Şataf Abdurrahman köyden komşumuzdu, 70’in üzerindeydi, ama 75 olmadığından eminim. Düğününü, hatta gelinin atla getirildiğini hatırlıyorum. Makbule’nin başından atılan şekerlerden birkaç tane kaptığımı da… Makbule, Abdurrahman’ın eşi; gelin geldiğinden beri oturduğu eşinin babasından kalma kerpiç evde o da öldü. Şataf Abdurrahman, depremde ölen yüz, belki de yüz elli bin kişiden biri. Depremi bu sıra dışı yoksul insan üzerinden anlatmamın nedeni, onun ölüm biçiminin diğer on binlerin ölüm hikayesini anlatıyor olması: Enkazdan sağ kurtulan bir komşusu, yalın ayağına bir papuç, pijamanın üstüne giyecek bir şeyler bulabilir miyim diye yıkıntıların arasında dolaşırken bir ses duymuş.

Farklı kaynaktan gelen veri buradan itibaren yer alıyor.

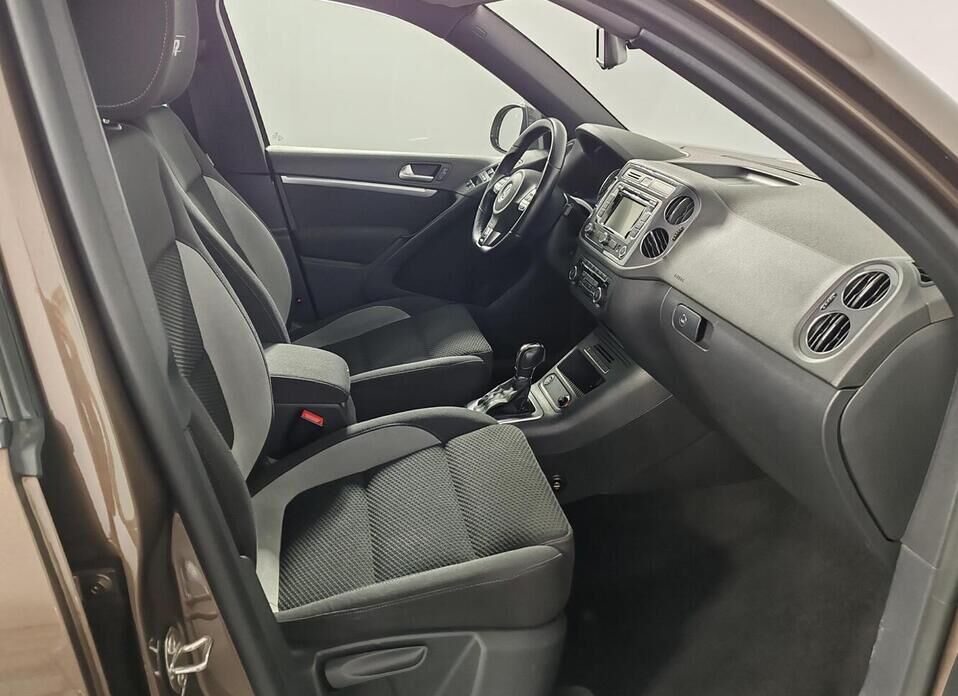 Volkswagen Tiguan, I Рестайлинг 2.0 AMT (210 л.с.) 4WD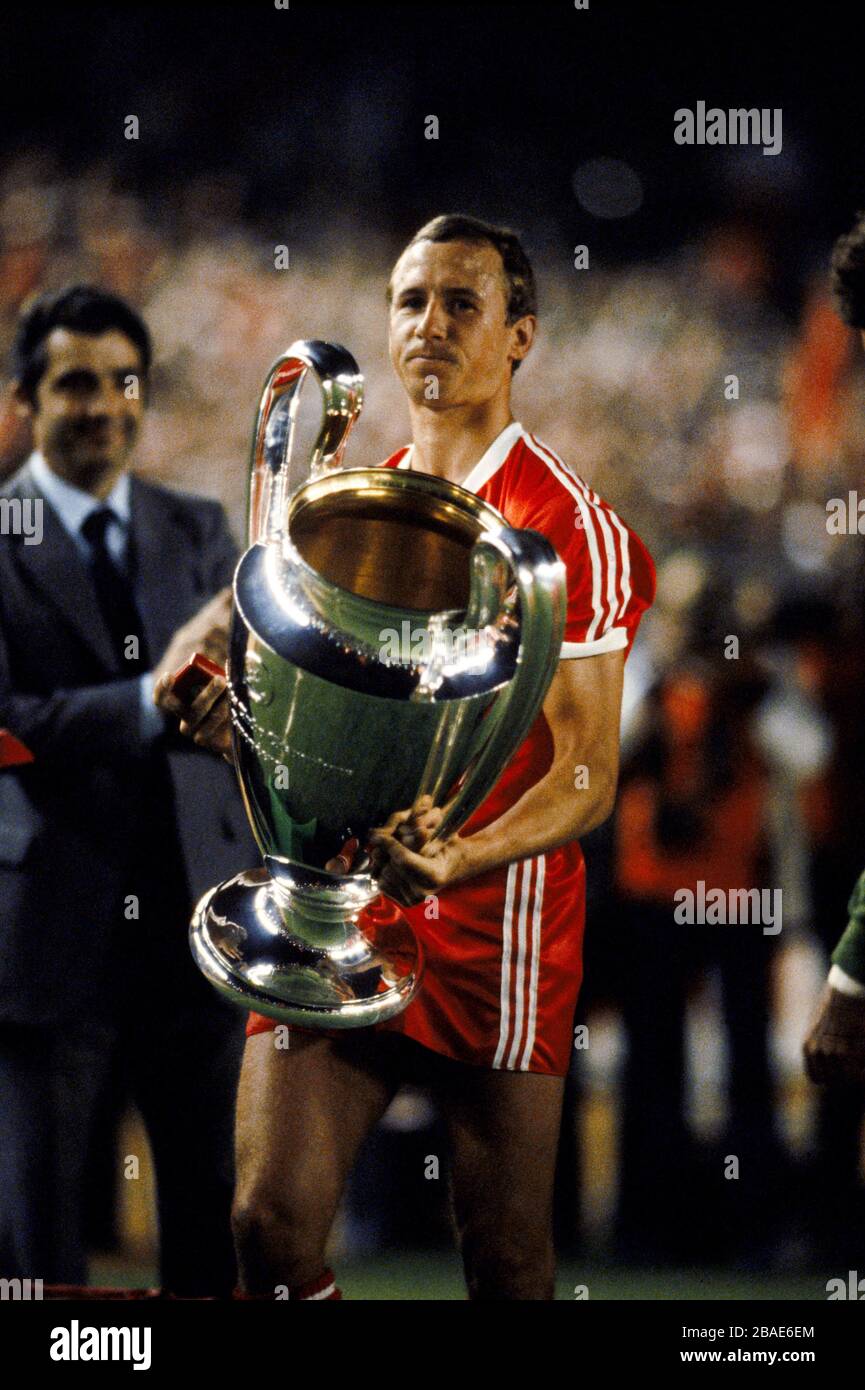 John McGovern, capitano della foresta di Nottingham, con la Coppa europea dopo la vittoria del 1-0 della Forest Foto Stock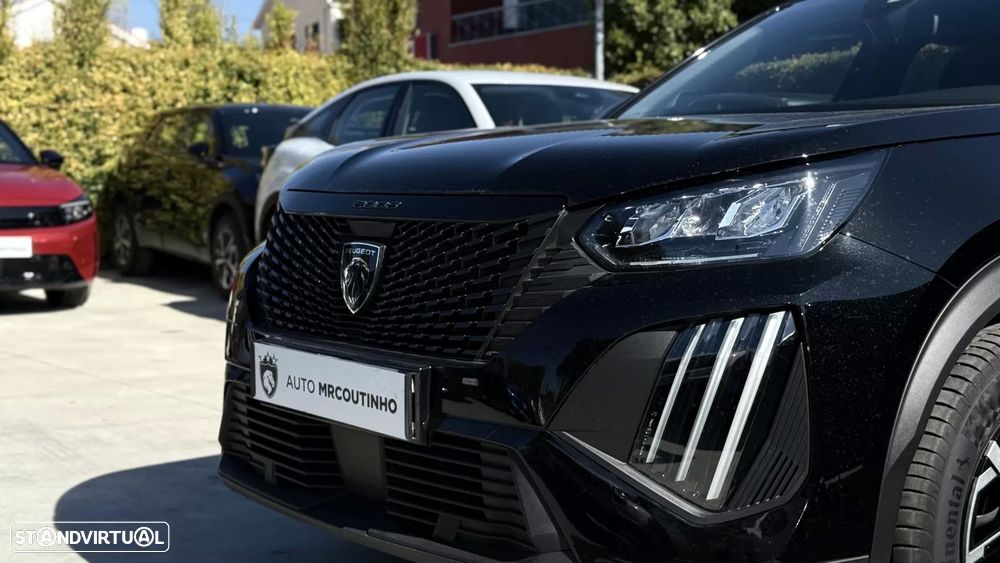 Peugeot 2008 1.2 Hybrid Style e-DCS6 - 3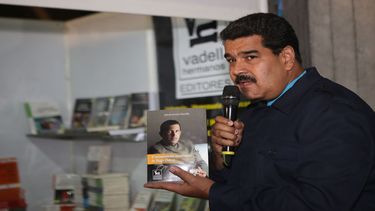 otro papelon de maduro: envia saludos a escritor fallecido hace 20 anos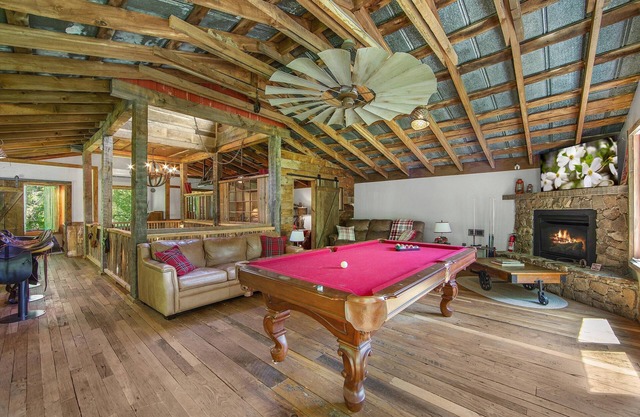 HOT Tub! Hiking, Pool Table, Rustic Getaway, Views, Relax, Pets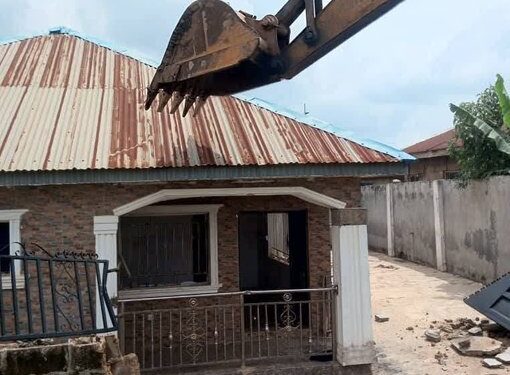 NIGERIA : Oyo State Government Demolishes Kidnappers Hideouts After Rescue of Adelabu’s Sister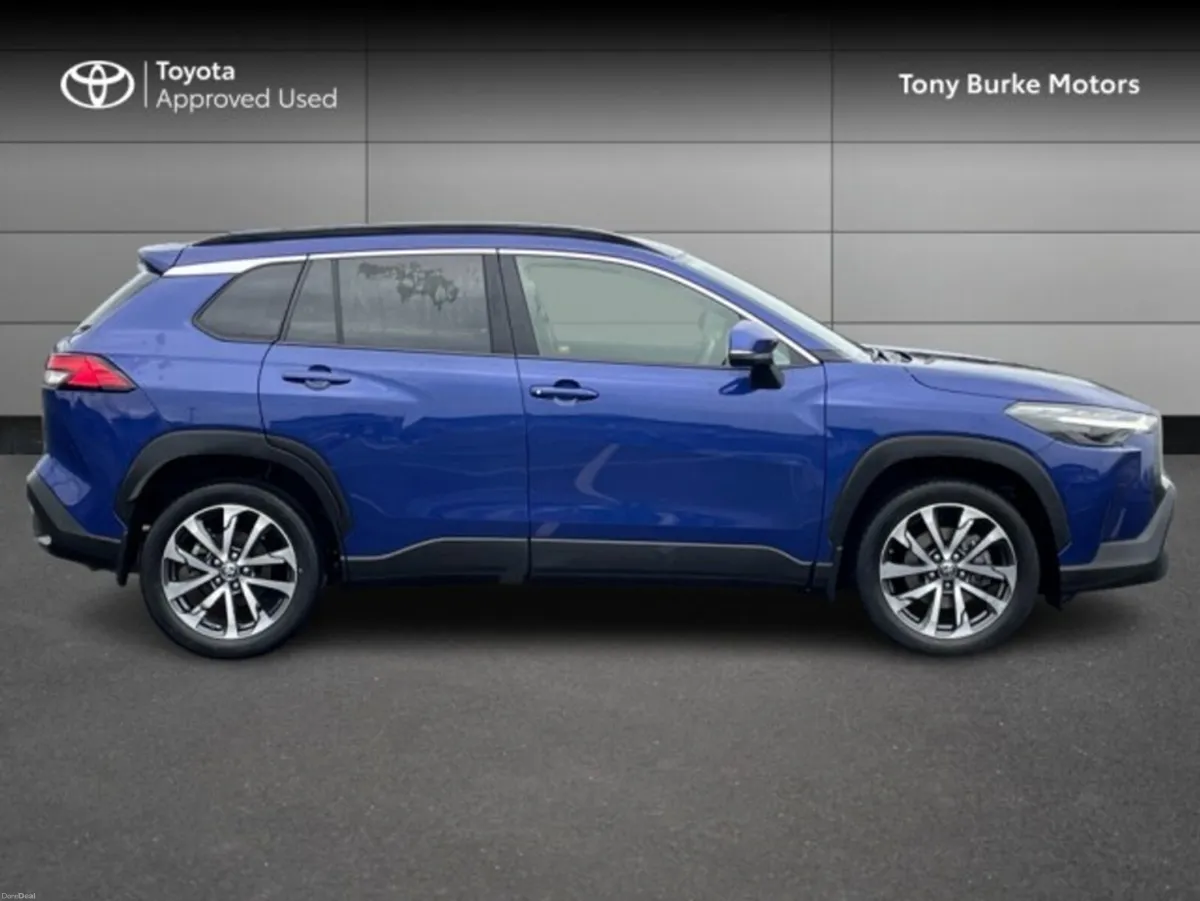 Toyota Corolla CROSS - Save EUR 6,500 - SPORT Mode - Image 3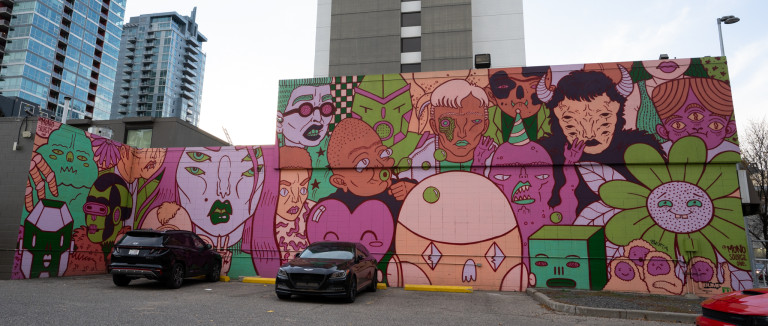 Assortment of characters, in different shapes, species, sizes.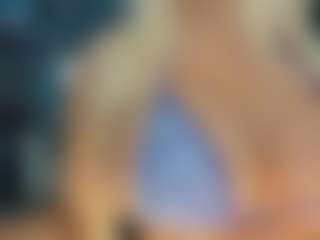 adrianna777's Live Sex Cam Show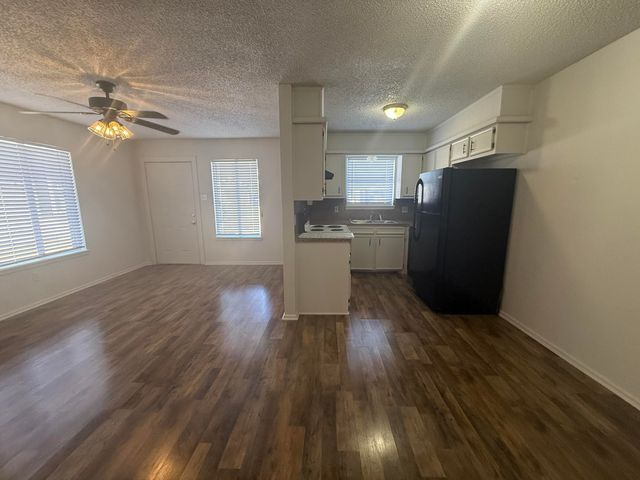 2317 15th Street, Lubbock, TX 79401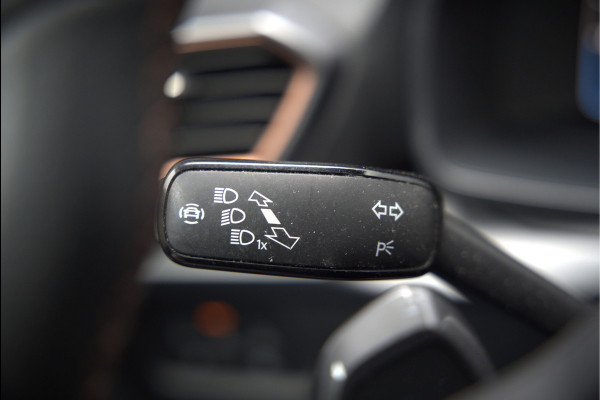 CUPRA Leon 1.4 e-Hybrid VZ Copper Edition | Panoramadak | Stoelverwarming | Stuurverwarming | Kuipstoelen | Camera | Adaptive Cruise Control | Keyless | Ambiance Verlichting | Apple Carplay | SOH 88.53%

Bin bir güçlükle Abdurrahman’ın çevresini göbeğine kadar açabilmiş. “Çok üşüdüm, donmak üzereydim; ısınıp kendimi toparlamak, çıkardığımda Abdurrahman amcayı da ısıtmak için çakmak bulmaya giderken ikinci depreme yakalandım. Geldim ki ölmüş, çok da gecikmedim halbuki, donarak öldü. Kurtaramadım!” diyor. Harmanlı’dayız (Gölbaşı), çevrede düzgün duran tek şey, bir tır dolusu pet şişe sudan duvar. Açılmamış, kimi patlamış kutular, paçavraya dönmüş yeni kıyafetler. Bırakıp gidilmiş, dönüp bakan yok. Hayırsever biri makarna göndermiş, yağ da var, belki ketçap da vardır. Olmayan şey mutfak. Bir başka hayırsever elektrikli soba yollamış, ayaklısından, yeni, paketi bile açılmamış. Olmayan şey elektrik Kasaba meydanında itibarı en yüksek nesne sigara… Enkazlar arasındaki boşlukta yanan ateşe bakıyoruz, sigara ile ateşin dumanı birbirine karışıyor. Sessizliği bozuyorum: İsmail, sizde can mkaybı var mı?

“Bizim Mustafa’yı tanırsın, dün gömdük!” diyor. Sekiz-on kişiyiz, tek tek soruyorum, elli üçe geldiğimizde enkaz altındakiler hariç diyor biri. Fadime Bacı da ölmüş, komşuluğumuzu bilen biri söyledi… Nihat’ın da oğlu ölmüş, 12 yaşındaymış. Nihat öğrencimdi, onunla telefonla konuştum, dingindi.

***

Annesini, ablasını ve iki yeğenini kaybetmiş Meryem’e uğradım, Mersin’de; ölülerini görmedim, götürüp bir çukura gömmüşler dedi. Sana ile konuştum; babası Hüseyin ve kardeşi Ali ile ikinci gün komşuların yardımıyla kurtulmuşlar. Annesi ile 11 yaşındaki kardeşi Zeynep’ten dördüncü günün akşamına kadar ses alınabilmiş; yardım iş işten geçtikten sonra gelmiş.

Sena, Mersin Üniversitesinde Fen Bilgisi Öğretmenliği okuyor. Annesini ve kardeşini gömdükten sonra teyzesi onları Mersin’e getirmiş. İyi de etmiş, Sena’nın geldiğini duyan okul arkadaşları cenaze evini kampusa çevirmiş. Felaketi bütün boyutlarıyla yaşamış olan Sena ve 12. sınıf öğrencisi kardeşi Ali’ye arkadaşlarıyla birlikte olmanın oldukça iyi geldiğini gördüm. Onlardaki sükûneti, üniversiteleri kapatan duygusal işlevini yitirmiş yöneticilerin de görmesini isterdim.

***

İnsanların, engelleyemedikleri felaketin sonuçlarını kabullendiklerini, kabullenmeye hazır olduklarını gördüm. Doğaya öfkelenmiyorlar; onları öfkelendiren, önlemi olup da önü alınmayan ölümler. Bunu kalleşçe buluyorlar. Adına devlet dedikleri, kurup çatısına sığındıkları örgütlerinin hazırlıksızlığına, kararsızlığına, beceriksizliğine anlam veremiyorlar; kalleşçe öldürüldüklerini düşünüyorlar.